La combinazione tra ACE e nuovo credito d’imposta del 6% consente benefici da ripartire, però, su base quinquennale

Di Gianluca ODETTO

Con un quadro ormai definito delle misure fiscali della manovra finanziaria per il 2020 che riguardano le imprese, è possibile fare alcune prime considerazioni in merito alle prospettive che si delineano per gli investimenti da effettuare nel 2020 e alle possibili misure agevolative che assistono gli stessi.

In questo contesto, il Ddl. di bilancio 2020 prevede:
– da un lato, all’art. 1 comma 287, il ripristino dell’ACE, pur con un coefficiente di remunerazione molto ridotto (1,3%) che ne depotenzia in modo significativo gli effetti;
– dall’altro, all’art. 1 commi 185 e seguenti, un nuovo credito d’imposta per gli investimenti in beni strumentali, inserito in luogo dei super-ammortamenti e pari al 6% del costo sostenuto, con un limite massimo di costi ammissibili di 2 milioni di euro (percentuali sensibilmente maggiori, sia per quanto riguarda il credito che per quanto riguarda il plafond dei costi ammissibili, sono previste per i beni ex iper-ammortizzabili).

In estrema sintesi, ponendosi nell’ottica delle società di capitali, l’acquisizione di un bene in autofinanziamento consente, per grandi numeri, un beneficio fiscale aggiuntivo (ulteriore, cioè, a quello degli ammortamenti) pari a circa il 6,3% del costo sostenuto, importo solo di poco superiore a quello previsto per gli investimenti finanziati a debito. Questo dato può rappresentare, con buona approssimazione, una misura sulla quale costruire i business plan a medio termine.

Per fare un semplice esempio, nel momento in cui la società provveda ad assumere risorse proprie nel 2020 (con l’accantonamento dell’utile dell’esercizio 2019, nuovi conferimenti dei soci o la rinuncia, da parte degli stessi, ai crediti vantati verso la società) per un milione di euro, il beneficio correlato all’ACE sarebbe pari, in termini di detassazione, a 13.000 euro (l’1,3%), a cui corrisponde a sua volta una minore IRES per (soli) 3.120 euro. Ciò, naturalmente, ipotizzando che non vi sia una base ACE pregressa, la quale potrebbe incrementare il beneficio.

Se con gli stessi fondi derivanti dall’autofinanziamento l’impresa acquista un bene strumentale “ex super-ammortizzabile”, essa maturerà un credito d’imposta di 60.000 euro, utilizzabile in compensazione di altri tributi e contributi nel modello F24 in quote costanti di 1/5 nei 5 periodi d’imposta successivi (il beneficio, per come è scritta la norma, riguarda i soli investimenti effettuati nel 2020, anche se già da ora risulta presumibile che vi siano aspettative che – così come accaduto per super-ammortamenti e iper-ammortamenti – esso possa essere stabilizzato).
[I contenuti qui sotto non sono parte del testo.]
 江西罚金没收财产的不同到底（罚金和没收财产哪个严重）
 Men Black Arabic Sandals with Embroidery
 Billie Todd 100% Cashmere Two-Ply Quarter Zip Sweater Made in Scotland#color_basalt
Il beneficio aggiuntivo connesso all’investimento autofinanziato ammonta, quindi, a 63.120 euro (come detto, circa il 6,3% del costo dell’investimento), di cui l’impresa beneficerebbe, a livello finanziario:
– per 15.120 euro nel 2021 (3.120 euro a titolo di minor saldo IRES relativo al 2020 derivante dall’ACE, unitamente alla prima “rata” di 12.000 euro del credito d’imposta, quest’ultimo come detto utilizzabile anche a scomputo di altre imposte o contributi);
– per 12.000 euro negli anni dal 2021 al 2025, pari alle “rate” successive del credito d’imposta.
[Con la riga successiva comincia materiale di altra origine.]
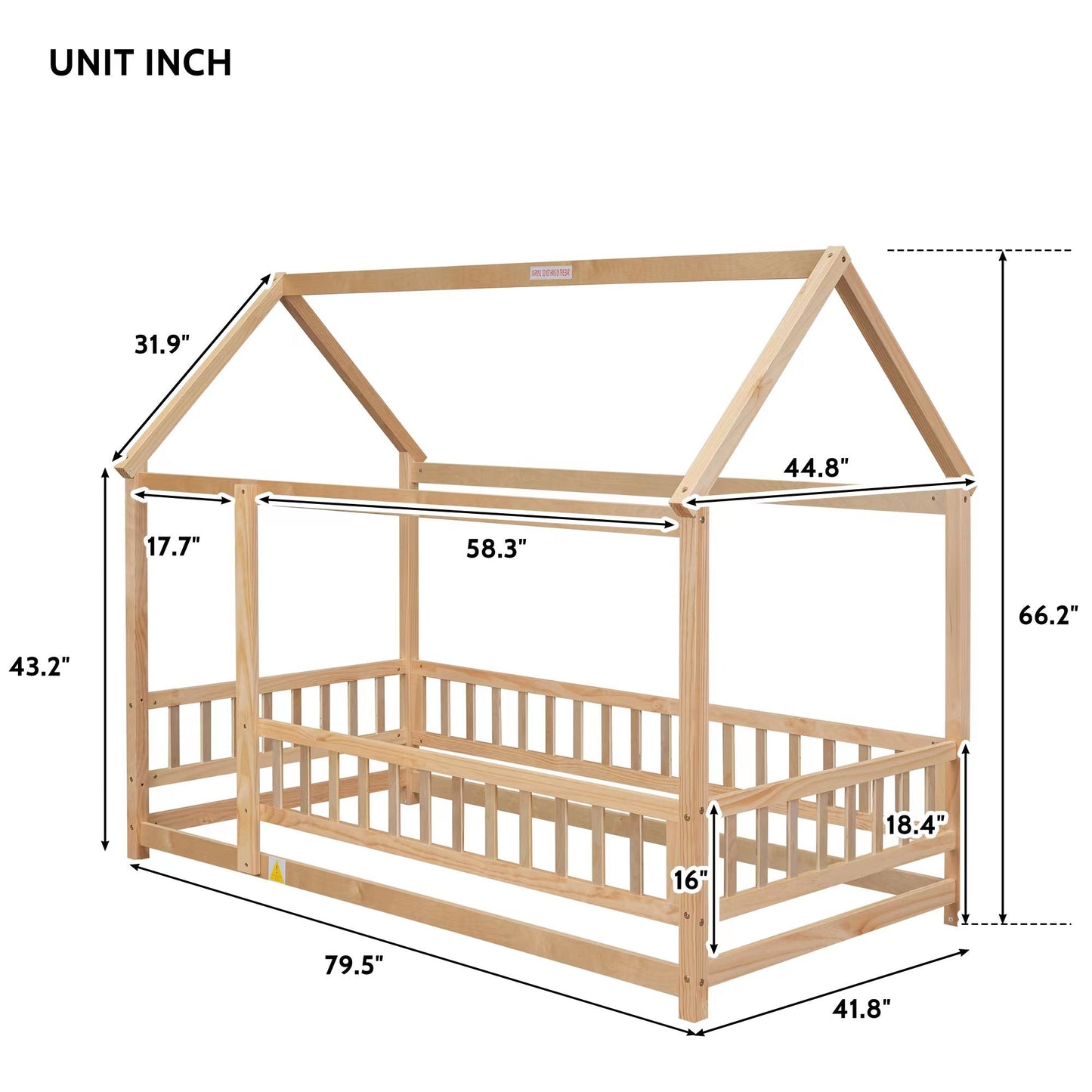 Lit en bois taille twin avec cadre de toit de maison et barrières de sécurité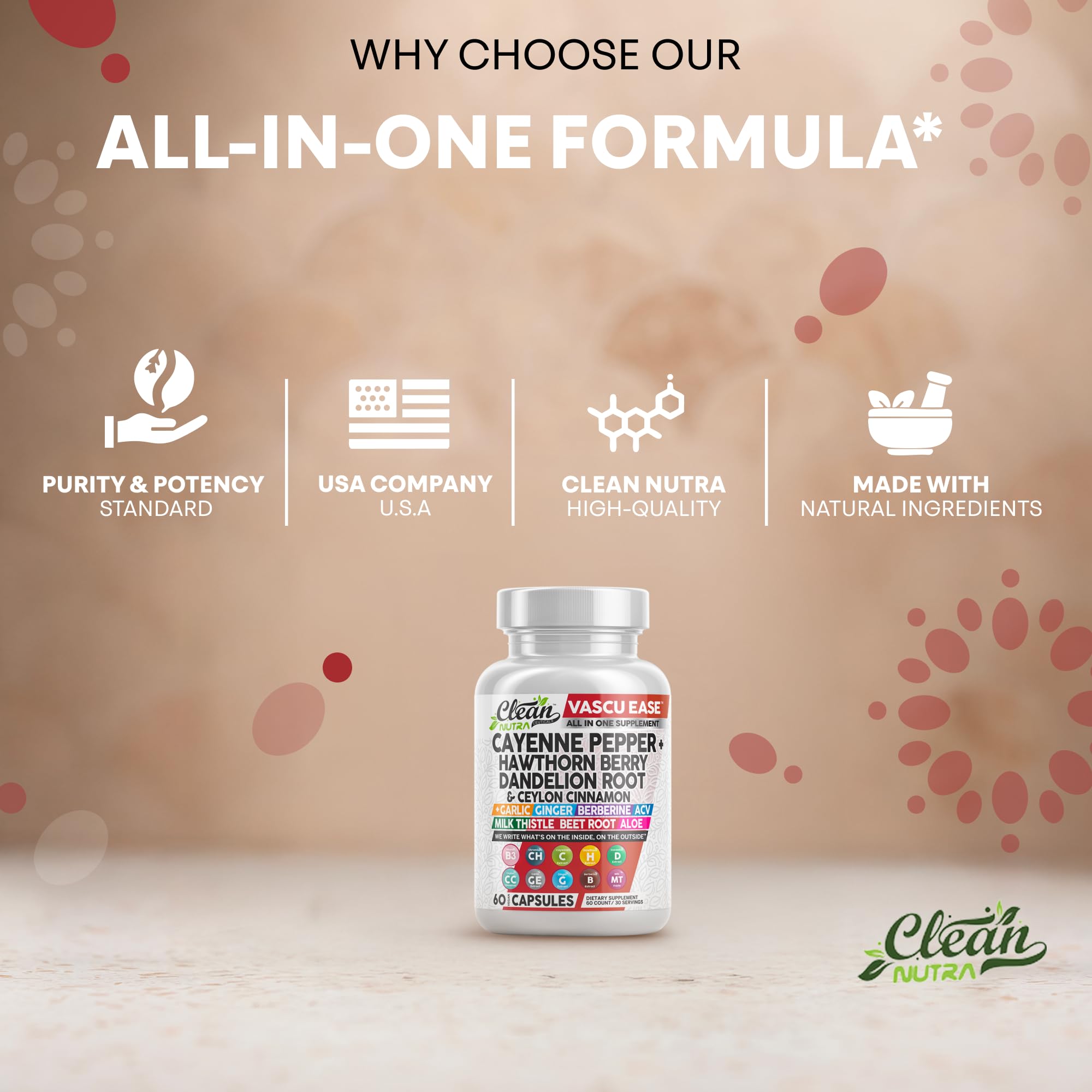 Ingredients panel image conveys a herbal blend for digestive balance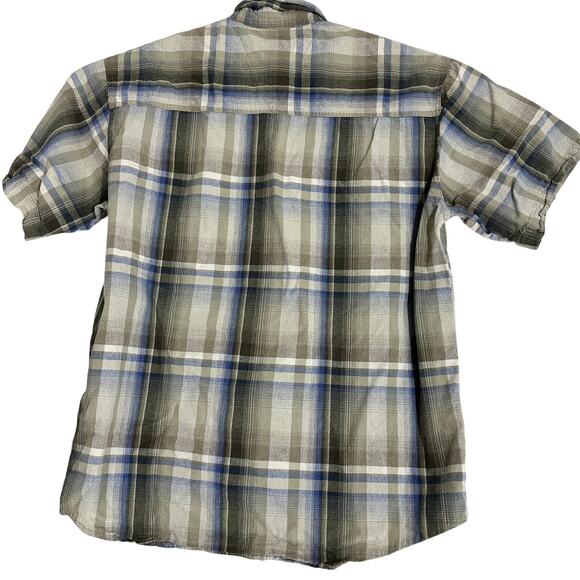 Canyon Guide Mens Button Up Shirt Men Large L Blue Green Plaid 100% Cotton FLAW - Picture 2 of 7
Il beneficio aggiuntivo legato all’ACE risulta, quindi, scarsamente rilevante (a meno che l’impresa possa vantare una base ACE pregressa notevole), e non potrà risultare peraltro espandibile con l’eventuale ricorso alla rivalutazione dei beni d’impresa, anch’essa riaperta dal Ddl. di bilancio per il 2020, avendo il saldo attivo di rivalutazione natura di riserva indisponibile ai fini dell’agevolazione.

Assumendo, infatti, che l’impresa finanzi a debito l’investimento, rimarrebbe pur sempre la possibilità di beneficiare del credito d’imposta del 6%, per cui nel business plan a cinque anni rimarrebbe comunque da allocare il risparmio connesso alla nuova agevolazione. La valutazione, naturalmente, risulta neutra sotto il profilo fiscale se l’impresa ha un ROL capiente e può quindi dedurre integralmente gli interessi passivi corrisposti al finanziatore.

Va da ultimo ricordato che, se l’investimento è in beni materiali ex iper-ammortizzabili (inclusi nell’Allegato A alla L. 232/2016), il credito compete sino ad un tetto massimo di 10 milioni di euro per i costi ammissibili, ed è riconosciuto nelle misure del 40%, per la quota di investimenti fino a 2,5 milioni di euro, e del 20% per gli investimenti tra 2,5 e 10 milioni di euro, con risparmi d’imposta che assumono quindi un’entità sensibilmente superiore.